Although these two models (RF with no automatic feature selection and SVM with automatic feature selection) are the ones with an AUC above .500, it can be considered either RF or SVM as the best models. The weights of the variables selected for both models are presented in Table 6.

Table 6 Attribute weights of the classification models with highest accuracy and AUC values

Random forest		Support vector machine
Attribute	Weight	Attribute	Weight
Age	.192	Job resignation reason = Promotion	.382
Team work	.134	Work experience in time = 3 to 6 months	.062
Work shift	.130	Work center = Biscuits	.052
Marital status	.080	Teamwork = Security	.040
Gender	.069	Work Experience in sector = Factory	.035
Work experience in time	.051	Experience in time = Over 1 year	.034
Work center	.050	Experience in sector = Office	.030
Working day	.041	Work shift = 12 hours	.027
Type of contract	.037	Marital status = Married	.017
Location	.028	Job resignation reason = Dismissal	.008
Salary	.022
Rehired	.015

The SVM algorithm performed better when an automatic feature selection and generation were set, with an accuracy of 70.1 % and AUC of 0.645. This model is not wholly appropriate for profiling new employees, but it can be beneficial to track and predict the performance of retired personnel.
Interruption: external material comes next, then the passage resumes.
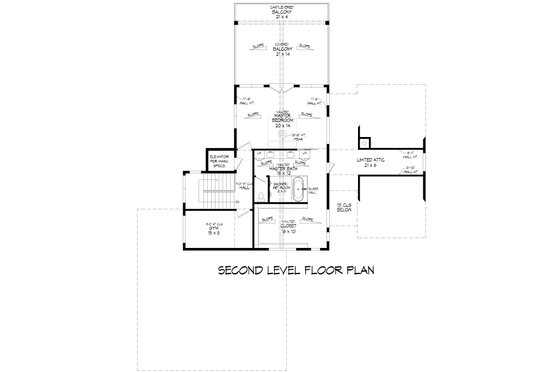 Floor Plan - Upper Floor for Contemporary House Plan #932-1273 - 4 bed, 3 bath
The reason is that most attributes refer to job characteristics rather than socio-demographic information. The RF algorithm presented an accuracy of 62 % and AUC of 0.625. This model could help classify the future performance of new prospects and candidates as it includes attributes that refer to the socio-demographic profile of workers.

Discussion

The results of the RF and SVM models show insights about the employee profiles in the company Malumex and their relation with turnover and withdrawal. The attributes of Salary, Location, Age, Teamwork, and Work Experience resulted in key factors involved with the employee profile, which are also mentioned in related literature as relevant attributes for the prediction of labor turnover (^{Dubey et al., 2016}; ^{Ranganathan & Kuruvilla, 2008}; ^{Sikaroudi et al., 2015}; ^{Attri, 2018}; ^{Kirimi & Moturi, 2016}). Nevertheless, most of these studies focus on sectors such as IT and sales, not related to factors involved in turnover in low-skill positions and outsourcing companies.

The results of the models were limited by the partial absence of socio-demographic information, as well as variables like organizational climate and the culture of the company (^{Aranibar et al., 2018}; ^{Sikaroudi et al., 2015}; ^{Yousaf & Bhulai, 2016}). We acknowledge that the results of the models could improve if this information were included. Furthermore, the variable Seniority was associated with 90 days (due to the initial contract of Malumex), and results could be different if different periods are considered.

In this case study, attributes such as Type of contract, Rehired, Job resignation reason = dismissal and promotion were found as employee profile attributes significant for predicting labor turnover and key for a classification model. The type of contract has also been reported as a labor turnover factor in the Latinamerica zone. Particularly, when the contract is temporary (^{Beccaria & Maurizio, 2020}), which is frequently associated with low skilled jobs.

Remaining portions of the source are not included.